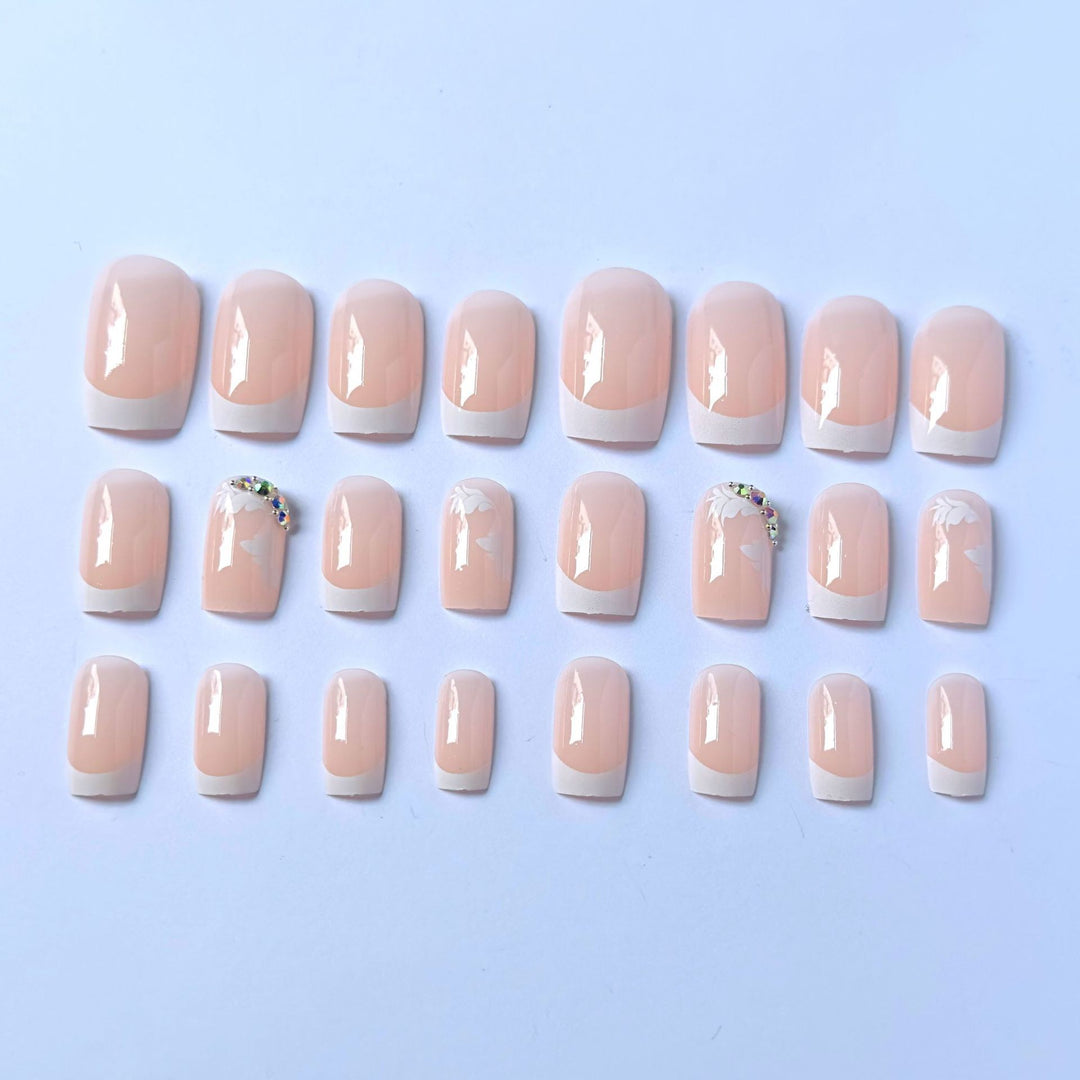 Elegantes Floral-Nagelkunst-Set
--
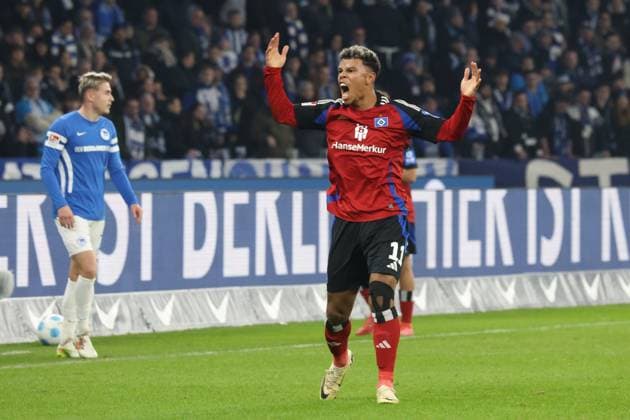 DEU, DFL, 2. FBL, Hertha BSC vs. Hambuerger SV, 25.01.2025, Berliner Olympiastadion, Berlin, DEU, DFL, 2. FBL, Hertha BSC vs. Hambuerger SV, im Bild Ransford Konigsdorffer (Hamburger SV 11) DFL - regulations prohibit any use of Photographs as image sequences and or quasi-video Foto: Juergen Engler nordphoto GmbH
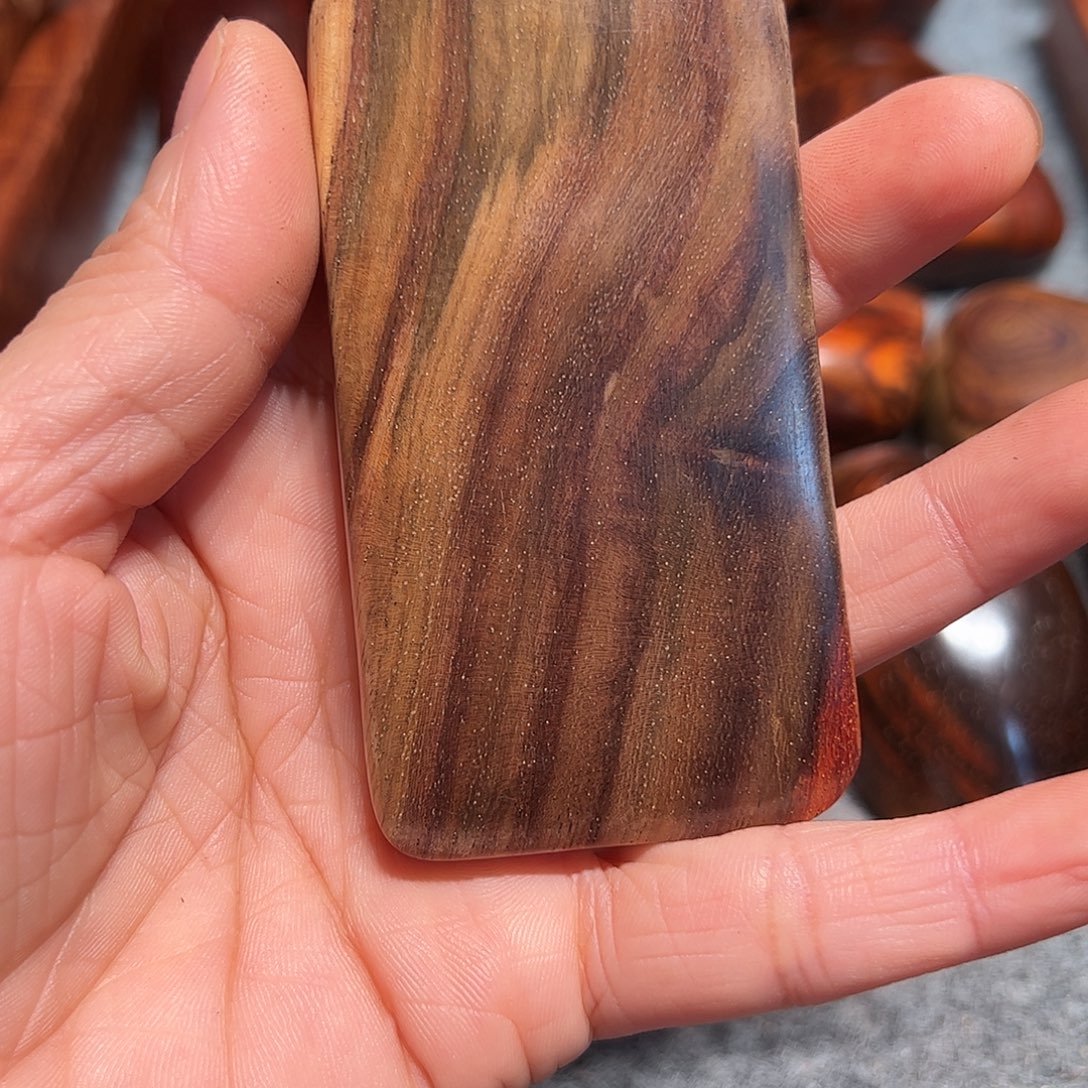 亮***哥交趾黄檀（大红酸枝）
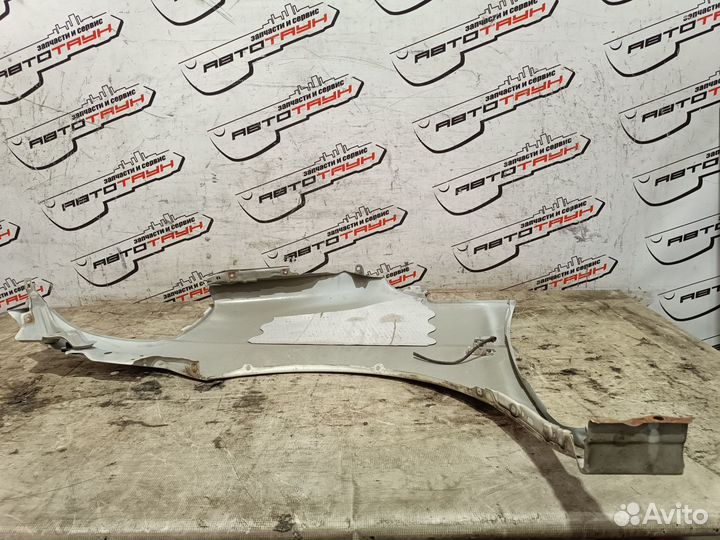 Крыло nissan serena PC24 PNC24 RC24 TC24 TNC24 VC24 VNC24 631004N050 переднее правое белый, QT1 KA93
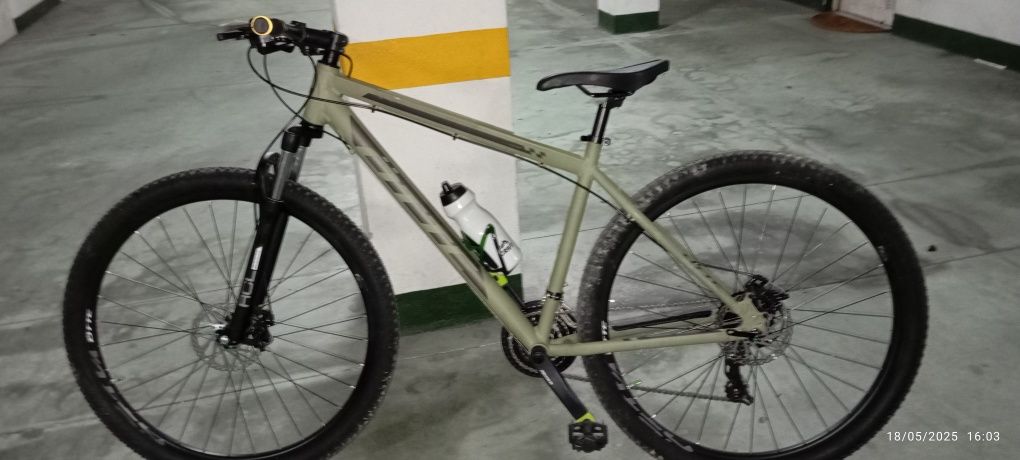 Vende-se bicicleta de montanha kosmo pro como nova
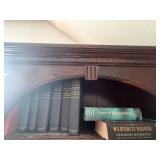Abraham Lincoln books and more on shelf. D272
--
— What you will do —
Among the entries above, copy exactly the stretch from the line holding "Vende-se bicicleta de" through the line holding "Abraham Lincoln books and more on shelf. D272", leaving out any pictures.

— Exercise answer —
 Vende-se bicicleta de montanha kosmo pro como nova
Abraham Lincoln books and more on shelf. D272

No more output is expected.